Also need HF to show latency range, memory reqt, et all to pick model for an app from HF model catalog

I would like HF and the community of devs to consider this:

As an example to set the context of the discussion here: Interactive vs batch usage will strongly affect which models are candidates to use by the application developer. Why? Because model latency is critical when selecting a model in the interactive use-case.

Another interactive constraint to model selection is if you are running it on an expensive major cloud system, then memory required and cpu compatibility become critical attributes of the model as well. The major cloud vendors are super expensive to run, forcing everyone to (among a variety of other additional tactics) slim the needed hardware down as much as possible, like single CPU for inference – will it run at all on skinny hardware ? (Y/N)

With this understanding -

HF should be made aware that pretty much every time some users build an app, we need to select a model based on app requirements and hardware availability in our particular application.

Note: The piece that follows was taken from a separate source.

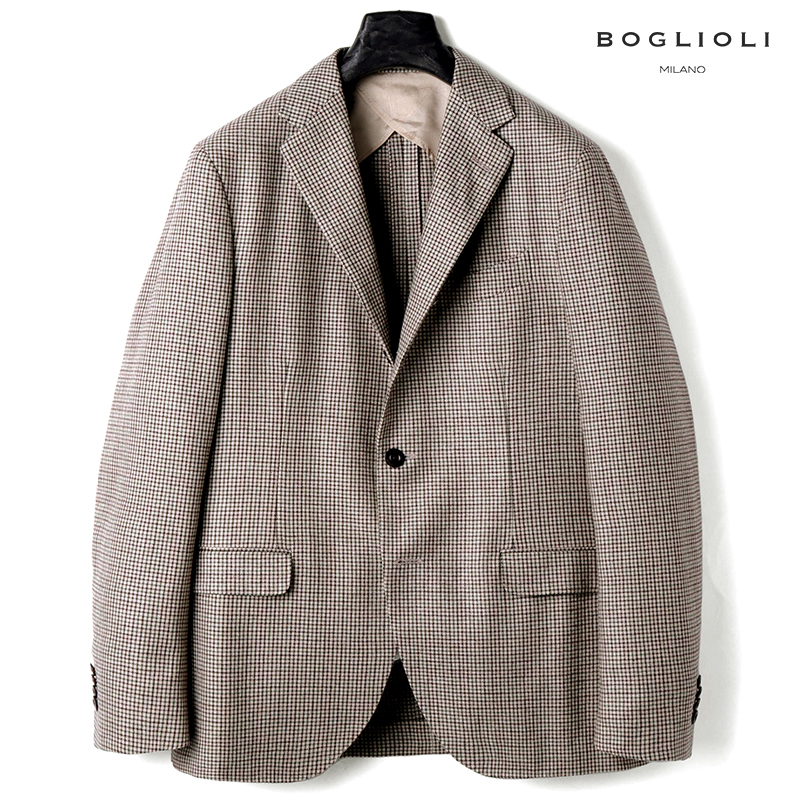 楽天市場】【60%OFF】BOGLIOLI / ボリオリ製品染めコットンストレッチ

It’s really not enough to show only the model attributes comprising what HF is already showing. HF is not showing enough. The consequence is excessive time to do trial and error manually to find the best model at HF.

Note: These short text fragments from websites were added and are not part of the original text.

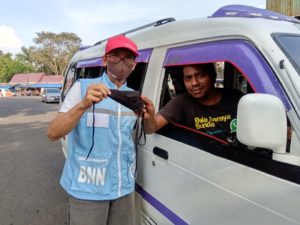 BNNK Ciamis Ajak Masyarakat Cegah Narkoba Dan Covid-19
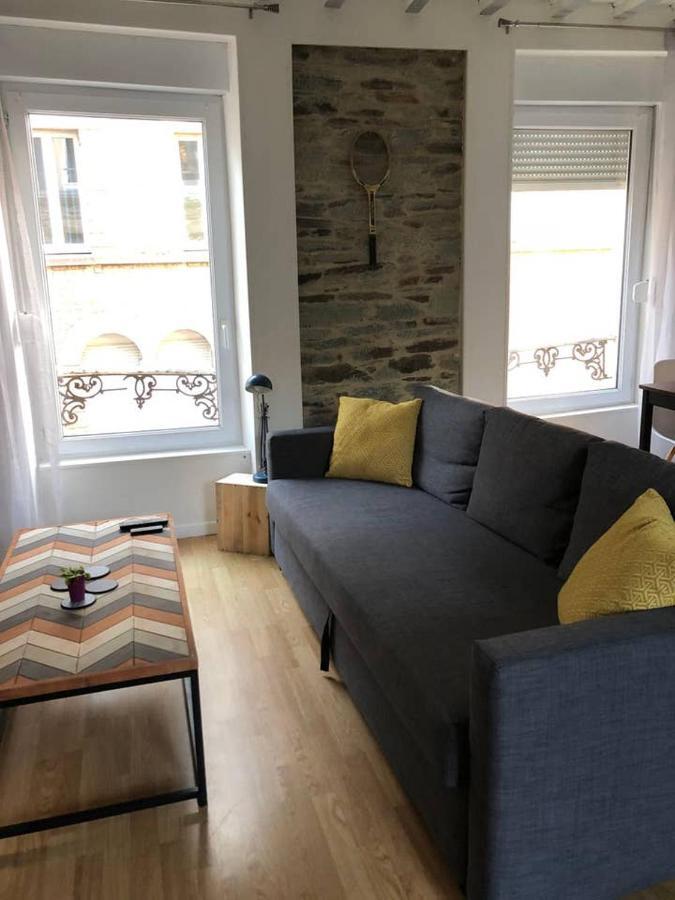 Le Duplex Apartment Cherbourg-en-Cotentin Luaran gambar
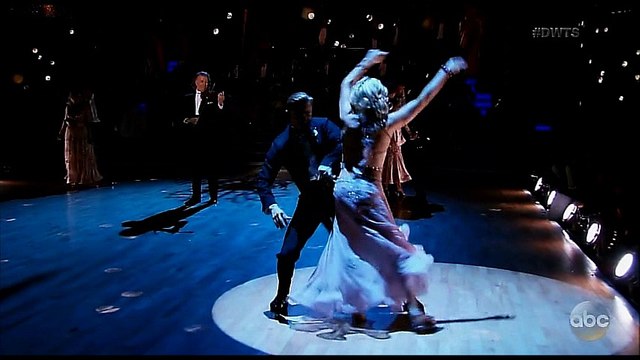 DWTS 23 Wk 5 Pro Dance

The efficiency of finding a suitable model in the catalog is possible to be greatly increased with simple upgrades in voluntary telemetry, manual user contributions of such data, and simple upgrades to UX of HF to incorporate in the query and the query results when using the model catalog.

Let us discuss ways to expand and improve the utility of the model search tool.

The efficiency of finding suitable models grows ever more important with 1000s of models now in the HF model catalog.